*Exercise*
Going down the listing below, print exactly each line from the one with "Maison Rabih Kayrouz" up to and including the one with "Scalextric: SCALEXTRIC EXIN", and skip the rest.

*Data shown*
· · · ·
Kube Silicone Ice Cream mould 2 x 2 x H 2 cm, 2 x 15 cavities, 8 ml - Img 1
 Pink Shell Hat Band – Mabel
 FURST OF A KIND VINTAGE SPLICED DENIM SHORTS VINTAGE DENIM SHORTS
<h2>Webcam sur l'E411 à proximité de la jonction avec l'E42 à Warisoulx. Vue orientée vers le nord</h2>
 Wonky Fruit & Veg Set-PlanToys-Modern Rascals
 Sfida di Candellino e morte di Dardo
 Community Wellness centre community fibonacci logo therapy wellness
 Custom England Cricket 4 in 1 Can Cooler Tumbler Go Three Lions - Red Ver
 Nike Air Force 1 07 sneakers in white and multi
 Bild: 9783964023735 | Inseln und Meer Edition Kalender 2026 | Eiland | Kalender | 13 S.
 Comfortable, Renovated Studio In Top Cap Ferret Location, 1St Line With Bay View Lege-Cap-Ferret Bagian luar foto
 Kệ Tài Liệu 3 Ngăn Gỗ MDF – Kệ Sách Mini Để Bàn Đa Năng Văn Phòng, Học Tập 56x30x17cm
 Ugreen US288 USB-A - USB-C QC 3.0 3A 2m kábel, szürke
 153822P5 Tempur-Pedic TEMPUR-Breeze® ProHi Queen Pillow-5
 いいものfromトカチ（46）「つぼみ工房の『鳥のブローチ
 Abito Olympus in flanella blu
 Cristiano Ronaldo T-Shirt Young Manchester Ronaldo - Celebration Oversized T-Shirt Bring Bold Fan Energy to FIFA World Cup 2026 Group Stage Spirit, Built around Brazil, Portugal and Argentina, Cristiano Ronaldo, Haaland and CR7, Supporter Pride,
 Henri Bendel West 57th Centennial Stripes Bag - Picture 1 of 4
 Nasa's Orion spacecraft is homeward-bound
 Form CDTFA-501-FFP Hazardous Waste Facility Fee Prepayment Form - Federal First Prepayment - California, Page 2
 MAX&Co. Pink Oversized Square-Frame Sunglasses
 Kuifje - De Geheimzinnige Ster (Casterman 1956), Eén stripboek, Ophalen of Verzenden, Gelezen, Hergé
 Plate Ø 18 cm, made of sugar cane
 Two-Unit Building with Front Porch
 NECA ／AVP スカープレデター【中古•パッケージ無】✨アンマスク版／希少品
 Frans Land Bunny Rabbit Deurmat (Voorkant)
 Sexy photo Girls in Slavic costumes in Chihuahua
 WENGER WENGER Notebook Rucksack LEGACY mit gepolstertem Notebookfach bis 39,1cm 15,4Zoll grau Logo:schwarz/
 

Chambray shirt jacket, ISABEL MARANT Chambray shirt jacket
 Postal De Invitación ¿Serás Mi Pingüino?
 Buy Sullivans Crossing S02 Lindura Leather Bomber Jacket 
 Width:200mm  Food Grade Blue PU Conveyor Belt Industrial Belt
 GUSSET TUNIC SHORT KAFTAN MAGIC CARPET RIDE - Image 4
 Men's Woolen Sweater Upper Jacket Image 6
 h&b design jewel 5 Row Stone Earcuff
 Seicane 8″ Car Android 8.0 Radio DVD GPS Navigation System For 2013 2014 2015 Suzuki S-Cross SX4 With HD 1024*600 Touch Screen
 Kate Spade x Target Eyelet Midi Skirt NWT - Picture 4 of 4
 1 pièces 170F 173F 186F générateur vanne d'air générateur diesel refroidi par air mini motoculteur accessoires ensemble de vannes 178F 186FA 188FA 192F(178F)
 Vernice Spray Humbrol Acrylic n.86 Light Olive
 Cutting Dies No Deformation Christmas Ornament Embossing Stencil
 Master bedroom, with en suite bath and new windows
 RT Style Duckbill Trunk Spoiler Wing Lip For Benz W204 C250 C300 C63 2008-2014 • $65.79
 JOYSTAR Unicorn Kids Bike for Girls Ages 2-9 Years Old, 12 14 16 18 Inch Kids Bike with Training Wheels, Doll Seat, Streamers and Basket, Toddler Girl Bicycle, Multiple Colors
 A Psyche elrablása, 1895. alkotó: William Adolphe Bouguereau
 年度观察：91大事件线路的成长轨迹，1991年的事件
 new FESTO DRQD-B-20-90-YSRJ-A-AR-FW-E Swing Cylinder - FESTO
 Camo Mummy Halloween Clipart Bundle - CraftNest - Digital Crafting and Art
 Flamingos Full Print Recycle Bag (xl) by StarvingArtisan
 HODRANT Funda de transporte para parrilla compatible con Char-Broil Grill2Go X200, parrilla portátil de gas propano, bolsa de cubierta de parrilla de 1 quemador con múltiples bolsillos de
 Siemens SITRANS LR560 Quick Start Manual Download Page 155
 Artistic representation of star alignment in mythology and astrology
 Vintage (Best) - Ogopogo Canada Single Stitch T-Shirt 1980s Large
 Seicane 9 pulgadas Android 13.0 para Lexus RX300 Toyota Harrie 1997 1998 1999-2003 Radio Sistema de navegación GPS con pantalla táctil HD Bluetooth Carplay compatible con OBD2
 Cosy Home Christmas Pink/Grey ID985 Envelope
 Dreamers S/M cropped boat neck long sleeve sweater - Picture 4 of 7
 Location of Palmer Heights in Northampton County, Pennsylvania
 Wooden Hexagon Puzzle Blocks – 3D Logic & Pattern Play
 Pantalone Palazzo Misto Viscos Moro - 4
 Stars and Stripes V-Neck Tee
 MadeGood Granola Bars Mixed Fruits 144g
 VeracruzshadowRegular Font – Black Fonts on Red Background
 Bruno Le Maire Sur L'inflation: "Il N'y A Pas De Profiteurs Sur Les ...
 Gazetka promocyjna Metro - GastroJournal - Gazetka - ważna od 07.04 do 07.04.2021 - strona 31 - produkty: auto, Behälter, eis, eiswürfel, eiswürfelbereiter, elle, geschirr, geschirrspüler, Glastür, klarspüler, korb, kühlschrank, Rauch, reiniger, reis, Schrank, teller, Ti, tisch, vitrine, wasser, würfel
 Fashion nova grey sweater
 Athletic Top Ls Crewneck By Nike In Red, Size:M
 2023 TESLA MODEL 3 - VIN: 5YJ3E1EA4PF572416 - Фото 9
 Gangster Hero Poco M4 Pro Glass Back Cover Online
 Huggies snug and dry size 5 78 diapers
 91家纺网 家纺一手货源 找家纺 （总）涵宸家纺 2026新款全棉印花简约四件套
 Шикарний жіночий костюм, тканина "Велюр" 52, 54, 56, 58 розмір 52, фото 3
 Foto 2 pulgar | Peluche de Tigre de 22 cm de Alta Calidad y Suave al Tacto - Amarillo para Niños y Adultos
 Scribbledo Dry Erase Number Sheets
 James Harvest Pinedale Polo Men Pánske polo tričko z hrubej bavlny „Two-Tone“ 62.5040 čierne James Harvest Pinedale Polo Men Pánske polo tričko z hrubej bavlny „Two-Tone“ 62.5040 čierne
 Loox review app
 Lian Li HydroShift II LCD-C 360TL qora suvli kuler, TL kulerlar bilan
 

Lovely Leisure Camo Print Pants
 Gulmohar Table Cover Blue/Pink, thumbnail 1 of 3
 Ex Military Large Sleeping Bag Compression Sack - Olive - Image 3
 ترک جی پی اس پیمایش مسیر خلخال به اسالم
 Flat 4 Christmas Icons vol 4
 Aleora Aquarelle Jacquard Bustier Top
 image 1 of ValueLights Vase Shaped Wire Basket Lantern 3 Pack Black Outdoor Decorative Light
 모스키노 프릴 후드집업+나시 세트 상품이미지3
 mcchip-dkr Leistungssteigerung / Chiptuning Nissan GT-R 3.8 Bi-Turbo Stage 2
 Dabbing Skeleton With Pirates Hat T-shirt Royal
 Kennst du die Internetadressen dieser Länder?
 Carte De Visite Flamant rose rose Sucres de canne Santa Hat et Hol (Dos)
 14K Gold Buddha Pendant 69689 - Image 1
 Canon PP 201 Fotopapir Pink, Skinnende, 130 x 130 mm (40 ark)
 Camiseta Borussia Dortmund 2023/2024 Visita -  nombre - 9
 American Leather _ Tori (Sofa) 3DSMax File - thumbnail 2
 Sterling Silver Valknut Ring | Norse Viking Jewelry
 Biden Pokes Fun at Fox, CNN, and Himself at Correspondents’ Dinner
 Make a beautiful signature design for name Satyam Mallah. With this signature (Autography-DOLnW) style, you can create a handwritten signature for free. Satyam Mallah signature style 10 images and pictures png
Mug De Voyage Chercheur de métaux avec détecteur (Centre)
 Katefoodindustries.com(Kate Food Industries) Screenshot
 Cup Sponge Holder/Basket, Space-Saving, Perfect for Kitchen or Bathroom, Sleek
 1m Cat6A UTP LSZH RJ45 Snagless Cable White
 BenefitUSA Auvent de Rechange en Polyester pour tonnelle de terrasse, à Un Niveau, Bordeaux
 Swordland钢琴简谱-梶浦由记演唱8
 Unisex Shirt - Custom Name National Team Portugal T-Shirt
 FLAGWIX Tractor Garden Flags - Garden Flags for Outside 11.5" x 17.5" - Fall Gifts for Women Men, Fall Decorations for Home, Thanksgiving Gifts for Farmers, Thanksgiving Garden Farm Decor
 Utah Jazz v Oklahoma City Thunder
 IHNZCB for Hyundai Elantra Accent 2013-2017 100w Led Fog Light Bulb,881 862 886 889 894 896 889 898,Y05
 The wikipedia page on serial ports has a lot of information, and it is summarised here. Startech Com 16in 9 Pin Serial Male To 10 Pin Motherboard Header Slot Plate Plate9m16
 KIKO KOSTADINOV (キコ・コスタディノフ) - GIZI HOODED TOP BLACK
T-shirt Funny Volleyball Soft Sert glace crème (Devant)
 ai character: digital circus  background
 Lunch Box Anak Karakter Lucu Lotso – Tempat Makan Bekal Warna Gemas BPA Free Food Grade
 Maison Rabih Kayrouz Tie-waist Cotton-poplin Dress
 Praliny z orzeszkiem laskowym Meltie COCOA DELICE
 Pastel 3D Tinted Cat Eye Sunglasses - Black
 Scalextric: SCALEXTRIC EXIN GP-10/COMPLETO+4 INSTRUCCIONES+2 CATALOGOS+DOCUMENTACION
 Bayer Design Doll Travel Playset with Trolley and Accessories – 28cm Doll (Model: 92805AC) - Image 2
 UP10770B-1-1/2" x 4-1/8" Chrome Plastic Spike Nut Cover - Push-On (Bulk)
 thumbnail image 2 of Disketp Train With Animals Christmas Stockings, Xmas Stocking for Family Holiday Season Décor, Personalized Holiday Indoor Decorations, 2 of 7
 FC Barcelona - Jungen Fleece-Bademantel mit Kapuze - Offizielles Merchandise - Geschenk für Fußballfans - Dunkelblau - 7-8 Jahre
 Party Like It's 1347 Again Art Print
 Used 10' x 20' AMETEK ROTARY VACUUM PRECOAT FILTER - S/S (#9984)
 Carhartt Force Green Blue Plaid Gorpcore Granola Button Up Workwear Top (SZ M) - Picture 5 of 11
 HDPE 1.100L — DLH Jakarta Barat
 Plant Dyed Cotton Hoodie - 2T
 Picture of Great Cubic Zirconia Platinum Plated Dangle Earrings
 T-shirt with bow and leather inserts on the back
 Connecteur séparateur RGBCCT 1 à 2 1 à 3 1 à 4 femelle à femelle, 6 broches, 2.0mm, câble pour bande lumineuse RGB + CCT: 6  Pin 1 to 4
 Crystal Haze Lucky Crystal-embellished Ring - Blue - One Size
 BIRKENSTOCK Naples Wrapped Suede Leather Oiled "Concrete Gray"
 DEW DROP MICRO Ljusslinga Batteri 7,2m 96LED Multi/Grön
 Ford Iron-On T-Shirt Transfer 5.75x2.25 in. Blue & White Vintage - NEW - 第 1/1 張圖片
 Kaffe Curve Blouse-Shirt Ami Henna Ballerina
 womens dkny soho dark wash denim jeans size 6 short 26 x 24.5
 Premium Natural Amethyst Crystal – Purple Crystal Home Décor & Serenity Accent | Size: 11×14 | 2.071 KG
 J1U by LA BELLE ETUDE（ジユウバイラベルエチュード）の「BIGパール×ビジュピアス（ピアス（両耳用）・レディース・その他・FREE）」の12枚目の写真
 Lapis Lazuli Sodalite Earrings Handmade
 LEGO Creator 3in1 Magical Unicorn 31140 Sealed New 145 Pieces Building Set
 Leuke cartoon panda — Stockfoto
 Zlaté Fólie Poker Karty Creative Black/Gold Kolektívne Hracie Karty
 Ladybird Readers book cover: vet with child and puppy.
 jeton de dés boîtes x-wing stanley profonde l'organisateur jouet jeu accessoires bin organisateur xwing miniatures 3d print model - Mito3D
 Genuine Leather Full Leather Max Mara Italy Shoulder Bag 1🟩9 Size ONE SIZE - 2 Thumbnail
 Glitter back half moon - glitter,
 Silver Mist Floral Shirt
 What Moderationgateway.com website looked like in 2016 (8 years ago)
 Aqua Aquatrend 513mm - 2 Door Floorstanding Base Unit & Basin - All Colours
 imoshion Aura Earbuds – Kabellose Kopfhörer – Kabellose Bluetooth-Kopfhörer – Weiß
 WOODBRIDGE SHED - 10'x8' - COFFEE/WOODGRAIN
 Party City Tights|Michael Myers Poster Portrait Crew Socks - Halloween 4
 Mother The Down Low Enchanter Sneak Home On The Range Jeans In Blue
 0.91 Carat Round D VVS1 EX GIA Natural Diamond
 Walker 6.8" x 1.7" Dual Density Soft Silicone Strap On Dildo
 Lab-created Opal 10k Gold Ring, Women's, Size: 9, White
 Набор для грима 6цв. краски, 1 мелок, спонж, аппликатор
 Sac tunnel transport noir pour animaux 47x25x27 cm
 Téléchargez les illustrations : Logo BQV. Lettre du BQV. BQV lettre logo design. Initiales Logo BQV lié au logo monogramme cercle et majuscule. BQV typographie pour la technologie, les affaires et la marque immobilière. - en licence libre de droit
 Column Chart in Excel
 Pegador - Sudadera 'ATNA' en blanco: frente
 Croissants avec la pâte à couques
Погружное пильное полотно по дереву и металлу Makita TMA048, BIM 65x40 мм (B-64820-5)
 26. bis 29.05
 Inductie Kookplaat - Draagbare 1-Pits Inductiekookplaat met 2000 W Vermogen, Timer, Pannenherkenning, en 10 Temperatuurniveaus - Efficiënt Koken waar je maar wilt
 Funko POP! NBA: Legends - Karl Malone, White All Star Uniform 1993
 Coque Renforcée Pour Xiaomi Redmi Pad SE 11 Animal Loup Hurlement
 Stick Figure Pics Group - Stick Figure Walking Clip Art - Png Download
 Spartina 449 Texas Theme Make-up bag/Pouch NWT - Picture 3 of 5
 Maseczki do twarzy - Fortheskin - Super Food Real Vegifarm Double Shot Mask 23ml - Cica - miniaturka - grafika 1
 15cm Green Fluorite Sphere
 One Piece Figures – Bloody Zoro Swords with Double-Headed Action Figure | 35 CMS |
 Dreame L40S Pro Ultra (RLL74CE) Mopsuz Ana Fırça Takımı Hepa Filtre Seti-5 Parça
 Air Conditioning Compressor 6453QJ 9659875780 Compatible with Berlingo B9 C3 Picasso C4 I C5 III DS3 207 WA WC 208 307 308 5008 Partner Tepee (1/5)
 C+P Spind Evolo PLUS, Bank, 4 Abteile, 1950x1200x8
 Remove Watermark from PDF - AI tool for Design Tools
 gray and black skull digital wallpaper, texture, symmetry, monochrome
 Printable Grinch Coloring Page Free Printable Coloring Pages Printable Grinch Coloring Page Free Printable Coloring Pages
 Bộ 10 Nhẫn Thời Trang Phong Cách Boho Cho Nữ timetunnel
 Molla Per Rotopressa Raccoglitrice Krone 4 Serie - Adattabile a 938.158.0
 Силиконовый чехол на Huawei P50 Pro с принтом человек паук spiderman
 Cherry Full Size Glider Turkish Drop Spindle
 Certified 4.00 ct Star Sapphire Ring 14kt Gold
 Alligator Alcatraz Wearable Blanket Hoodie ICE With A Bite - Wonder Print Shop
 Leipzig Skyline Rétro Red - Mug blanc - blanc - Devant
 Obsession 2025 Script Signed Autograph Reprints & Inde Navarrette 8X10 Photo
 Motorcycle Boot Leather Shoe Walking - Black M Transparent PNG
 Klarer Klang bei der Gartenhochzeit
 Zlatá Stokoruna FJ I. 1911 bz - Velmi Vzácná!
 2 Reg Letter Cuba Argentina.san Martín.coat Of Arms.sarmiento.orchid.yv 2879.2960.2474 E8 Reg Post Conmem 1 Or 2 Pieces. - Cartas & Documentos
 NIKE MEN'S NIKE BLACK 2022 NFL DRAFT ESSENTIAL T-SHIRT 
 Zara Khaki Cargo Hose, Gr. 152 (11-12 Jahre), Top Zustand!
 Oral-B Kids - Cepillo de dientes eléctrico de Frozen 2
· · · ·
*Answer section*
 Maison Rabih Kayrouz Tie-waist Cotton-poplin Dress
 Praliny z orzeszkiem laskowym Meltie COCOA DELICE
 Pastel 3D Tinted Cat Eye Sunglasses - Black
 Scalextric: SCALEXTRIC EXIN GP-10/COMPLETO+4 INSTRUCCIONES+2 CATALOGOS+DOCUMENTACION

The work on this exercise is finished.